Work instruction>
Reproduce each line from the records that holds "with".

Task data>
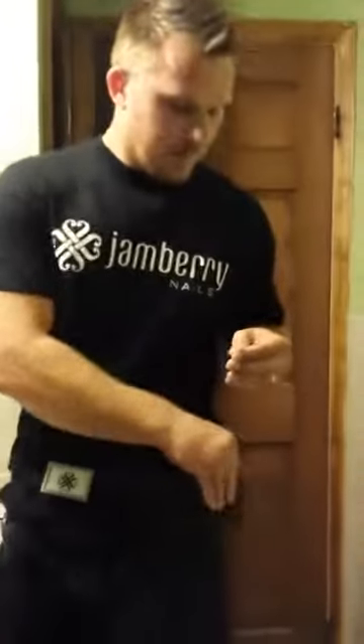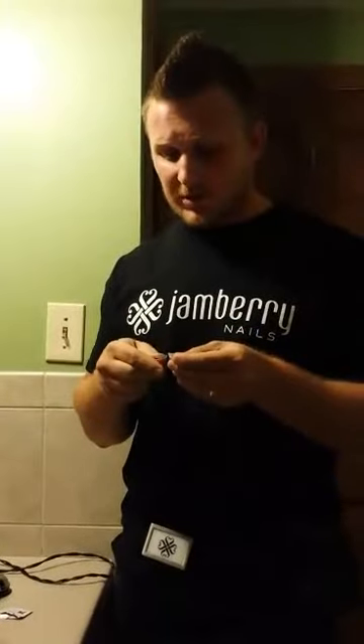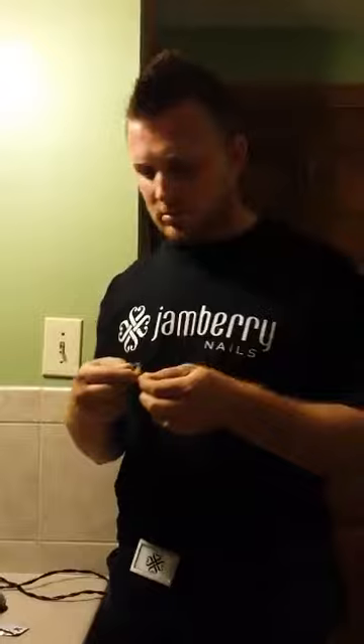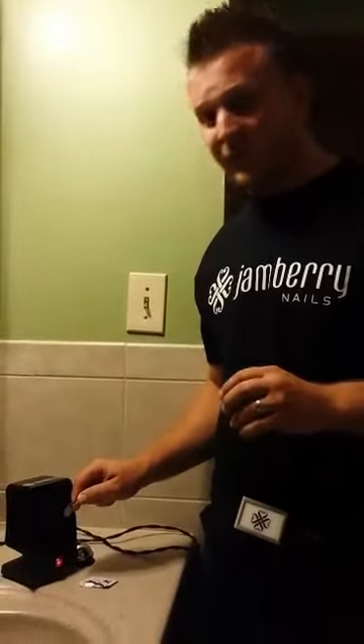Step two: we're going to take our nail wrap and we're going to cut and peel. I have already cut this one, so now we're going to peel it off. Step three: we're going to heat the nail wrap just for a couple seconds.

* * *

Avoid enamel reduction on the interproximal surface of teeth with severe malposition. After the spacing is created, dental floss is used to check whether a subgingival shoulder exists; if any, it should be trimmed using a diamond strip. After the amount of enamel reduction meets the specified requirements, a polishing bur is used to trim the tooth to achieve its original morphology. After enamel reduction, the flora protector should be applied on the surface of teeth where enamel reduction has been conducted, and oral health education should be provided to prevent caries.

--

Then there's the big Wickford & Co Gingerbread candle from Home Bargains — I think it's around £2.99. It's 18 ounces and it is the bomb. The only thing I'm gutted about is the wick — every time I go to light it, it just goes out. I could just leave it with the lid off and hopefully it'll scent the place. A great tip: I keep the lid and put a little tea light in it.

Response for this exercise>
Avoid enamel reduction on the interproximal surface of teeth with severe malposition. After the spacing is created, dental floss is used to check whether a subgingival shoulder exists; if any, it should be trimmed using a diamond strip. After the amount of enamel reduction meets the specified requirements, a polishing bur is used to trim the tooth to achieve its original morphology. After enamel reduction, the flora protector should be applied on the surface of teeth where enamel reduction has been conducted, and oral health education should be provided to prevent caries.
Then there's the big Wickford & Co Gingerbread candle from Home Bargains — I think it's around £2.99. It's 18 ounces and it is the bomb. The only thing I'm gutted about is the wick — every time I go to light it, it just goes out. I could just leave it with the lid off and hopefully it'll scent the place. A great tip: I keep the lid and put a little tea light in it.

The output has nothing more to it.